Latest comment: 17 years ago4 comments2 people in discussion

However, it is not possible to express this inference in the traditional system, because the manner we
should represent the first term in the classical subject-predicate form, ensures that the second term 
our predicate will be "X is feared by every mouse"

This isn't English - what is it supposed to mean? garik 11:42, 28 January 2007 (UTC)Reply

I will edit the article to explain to the non-logician. However, this very interesting stub badly needs references. Will the author please provide them? Rick Norwood 14:26, 28 January 2007 (UTC)Reply

I'm not so concerned about making it clearer to the non-logician - I think this would follow to some extent from making it clearer to English speakers. The syntax is so peculiar I can only assume it wasn't written by a native speaker, or that there are words missing. But yes, I suppose it could be made easier for non-logicians too. garik 14:59, 28 January 2007 (UTC)Reply

And I see you've done a good job of it:) garik 15:00, 28 January 2007 (UTC)Reply

Ambiguity is equivalent to Ambiguity

Latest comment: 16 years ago2 comments2 people in discussion

This is my first time writing anything on Wikipedia. Please forgive my naivete and mistakes.

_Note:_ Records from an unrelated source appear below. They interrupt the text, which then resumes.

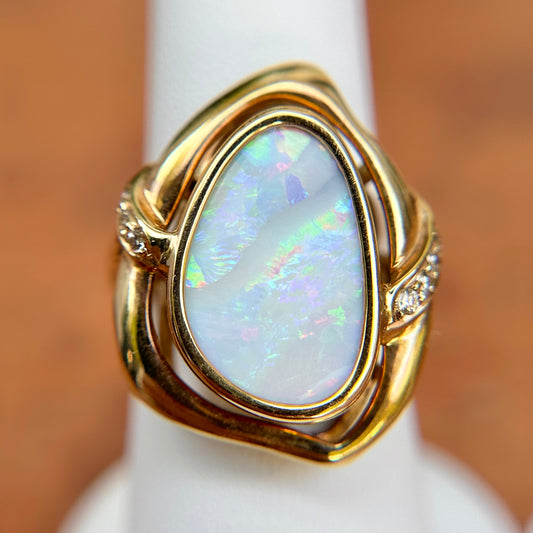 Estate 14KT Yellow Gold Pear Australian Opal + Diamond Ring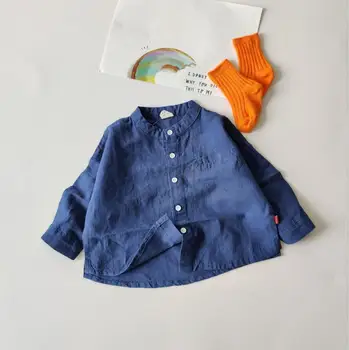 

2020 new boys shirt full sleeve cotton linen fashion boys top 1-6 years HM86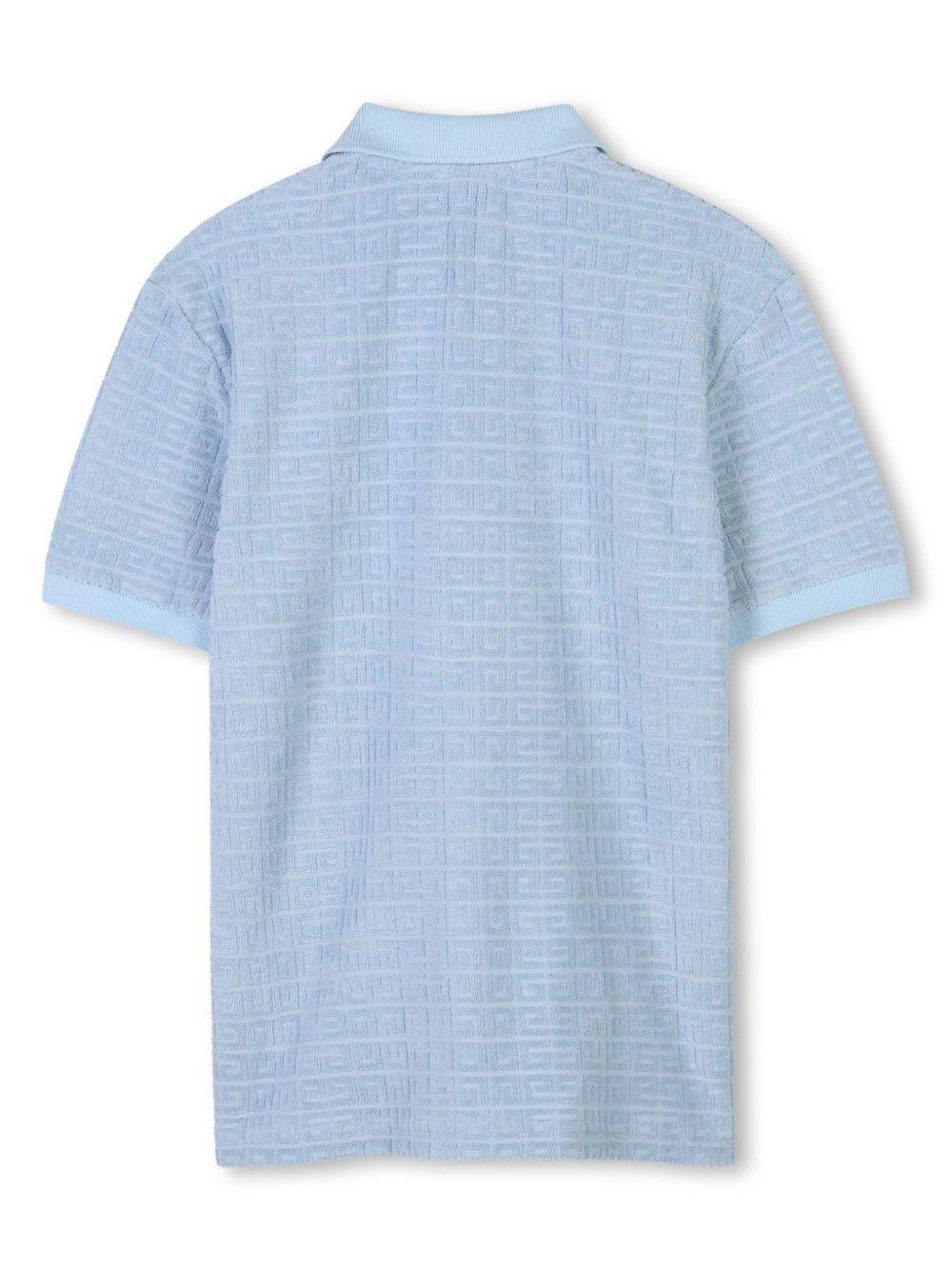 Polo celeste logo monogram all-over H30748 772 GIVENCHY KIDS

ME: The author of the problem of multiple generality begins by saying that, quote:

AUTHOR: The problem of multiple generality names a failure in traditional logic to describe certain intuitively valid inferences.

ME: So one (ie. myself) could interpret the author's meaning to be, "SOME logic is NOT 'foolproof'". The author proceeds to provide an example to demonstrate his thesis:

AUTHOR: For example, it is intuitively clear that if:

Some cat is feared by every mouse then it follows logically that:

All mice are afraid of at least one cat.

ME: Let me try to represent his intuition in TL. The author provides two propositions which are intuitively clear to him as antecedent and consequent propositions: 1. Some cat is a cause-of-fear-in-ALL-mice. (Antecedent) 2. Every mouse is affected-by-fear-of-SOME-cat? (Consequent)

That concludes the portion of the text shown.